Объяснения получаю от Либермана, который двигается через площадку с дымящейся сковородкой в руках. Это, мол, Коровин, заочник с пятого курса. Может, убрать его отсюда? Его?! Да этот гад у меня еще в прошлую сессию деньги занимал – до сих пор не вернул! Но ведь тут патрули шастают, измочалят мужика. И поделом! Храпящий заочник и мне не внушает симпатии, но что-то не дает уйти, и я, взявшись за ногу, спрашиваю: куда тащить?
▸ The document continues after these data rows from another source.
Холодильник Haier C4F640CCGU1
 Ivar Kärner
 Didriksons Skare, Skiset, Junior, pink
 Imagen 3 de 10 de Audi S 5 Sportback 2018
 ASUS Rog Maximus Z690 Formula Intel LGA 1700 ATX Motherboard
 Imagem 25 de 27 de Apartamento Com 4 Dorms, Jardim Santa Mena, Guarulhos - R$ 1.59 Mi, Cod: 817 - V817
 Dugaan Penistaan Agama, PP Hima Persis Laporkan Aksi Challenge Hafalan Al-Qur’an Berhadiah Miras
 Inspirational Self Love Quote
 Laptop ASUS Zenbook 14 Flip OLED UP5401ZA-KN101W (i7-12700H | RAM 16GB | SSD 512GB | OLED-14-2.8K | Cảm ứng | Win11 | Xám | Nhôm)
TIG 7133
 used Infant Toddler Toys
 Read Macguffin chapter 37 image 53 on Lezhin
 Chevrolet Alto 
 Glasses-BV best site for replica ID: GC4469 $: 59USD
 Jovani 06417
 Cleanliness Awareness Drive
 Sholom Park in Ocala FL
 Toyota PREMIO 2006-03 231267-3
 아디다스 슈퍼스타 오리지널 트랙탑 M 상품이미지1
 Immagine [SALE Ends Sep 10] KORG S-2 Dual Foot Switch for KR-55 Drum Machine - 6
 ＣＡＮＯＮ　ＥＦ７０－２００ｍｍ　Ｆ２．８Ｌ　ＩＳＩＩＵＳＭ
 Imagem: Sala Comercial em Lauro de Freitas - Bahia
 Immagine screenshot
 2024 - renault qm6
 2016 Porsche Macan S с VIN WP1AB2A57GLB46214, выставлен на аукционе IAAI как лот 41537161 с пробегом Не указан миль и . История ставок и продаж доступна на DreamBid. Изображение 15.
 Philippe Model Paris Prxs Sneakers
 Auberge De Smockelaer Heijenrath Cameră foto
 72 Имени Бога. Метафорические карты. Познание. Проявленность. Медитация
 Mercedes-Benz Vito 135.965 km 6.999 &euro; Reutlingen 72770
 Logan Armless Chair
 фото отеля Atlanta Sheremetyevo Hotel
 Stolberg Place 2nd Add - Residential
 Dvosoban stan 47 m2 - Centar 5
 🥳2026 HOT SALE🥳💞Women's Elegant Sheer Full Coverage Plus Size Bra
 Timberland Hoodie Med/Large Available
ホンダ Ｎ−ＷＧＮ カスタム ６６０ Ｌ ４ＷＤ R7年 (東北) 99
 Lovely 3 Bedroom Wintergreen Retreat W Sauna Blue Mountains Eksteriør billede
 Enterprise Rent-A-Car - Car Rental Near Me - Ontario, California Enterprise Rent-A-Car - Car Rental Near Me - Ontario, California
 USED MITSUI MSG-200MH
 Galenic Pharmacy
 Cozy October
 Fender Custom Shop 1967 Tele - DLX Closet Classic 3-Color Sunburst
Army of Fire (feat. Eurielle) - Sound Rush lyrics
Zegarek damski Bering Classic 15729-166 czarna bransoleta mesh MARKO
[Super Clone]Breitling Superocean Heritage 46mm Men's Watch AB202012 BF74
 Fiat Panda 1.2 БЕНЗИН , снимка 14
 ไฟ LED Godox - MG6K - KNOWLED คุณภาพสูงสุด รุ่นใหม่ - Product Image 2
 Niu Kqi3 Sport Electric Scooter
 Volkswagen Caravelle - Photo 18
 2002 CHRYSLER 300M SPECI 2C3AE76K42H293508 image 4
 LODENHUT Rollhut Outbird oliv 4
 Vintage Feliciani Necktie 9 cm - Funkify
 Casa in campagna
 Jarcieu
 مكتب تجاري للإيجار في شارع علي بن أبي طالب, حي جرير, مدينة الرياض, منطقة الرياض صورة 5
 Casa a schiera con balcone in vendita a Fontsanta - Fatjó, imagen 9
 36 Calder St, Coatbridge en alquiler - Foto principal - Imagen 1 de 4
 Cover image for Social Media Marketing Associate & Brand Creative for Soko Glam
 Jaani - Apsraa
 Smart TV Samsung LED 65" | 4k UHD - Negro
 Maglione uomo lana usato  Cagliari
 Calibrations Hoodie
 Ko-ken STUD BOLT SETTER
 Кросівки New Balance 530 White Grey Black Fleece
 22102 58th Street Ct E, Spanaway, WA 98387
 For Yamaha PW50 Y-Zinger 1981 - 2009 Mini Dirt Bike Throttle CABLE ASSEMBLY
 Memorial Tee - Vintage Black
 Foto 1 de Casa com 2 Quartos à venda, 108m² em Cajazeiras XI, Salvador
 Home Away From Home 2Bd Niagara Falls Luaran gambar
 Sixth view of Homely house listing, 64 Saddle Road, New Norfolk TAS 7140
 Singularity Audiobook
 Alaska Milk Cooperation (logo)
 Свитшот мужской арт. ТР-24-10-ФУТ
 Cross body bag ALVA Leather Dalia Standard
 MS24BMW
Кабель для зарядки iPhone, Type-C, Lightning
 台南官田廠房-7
– В семьсот пятую… – бурчит Либерман, – ладно, подожди, я только сковороду отнесу!
Поднять Гаргантюа-Коровина не получается, и мы тащим тело в комнату, благо, она недалеко. В комнате чудовищный кавардак, в ноздри бьет запах нестиранных носков вперемешку с перегаром, отчего я морщусь, а Либерман хмыкает:
– Ты бы еще почитал, что он пишет! Новый стиль, я его называю: «ивангордизм»!
– Неплохо сказано… Сам придумал?
– Вычитал. Но в полемике не употребляю – сам понимаешь, Либерман за такое может и огрести. Поэтому – дарю! Ты, кстати, жрать хочешь?
За ужином я опять завожу бодягу про Мексику, дескать, навязалась она на мою голову, лучше бы сразу отказался от этого дела! Либерман вдруг задумывается, потом выдает:
– «В Мексику можно только верить!»
Я удивленно на него гляжу, потом усмехаюсь.
– Сам придумал?
– Вычитал. Это, между прочим, Карлос Фуэнтес сказал.
– Плагиатор! – убежденно говорю, – Кстати: ты не знаешь, где находится Министерство юстиции?
– Знаю, конечно. Я даже знаю, где находится «Сохнут», но тебе, как я понимаю, туда не надо.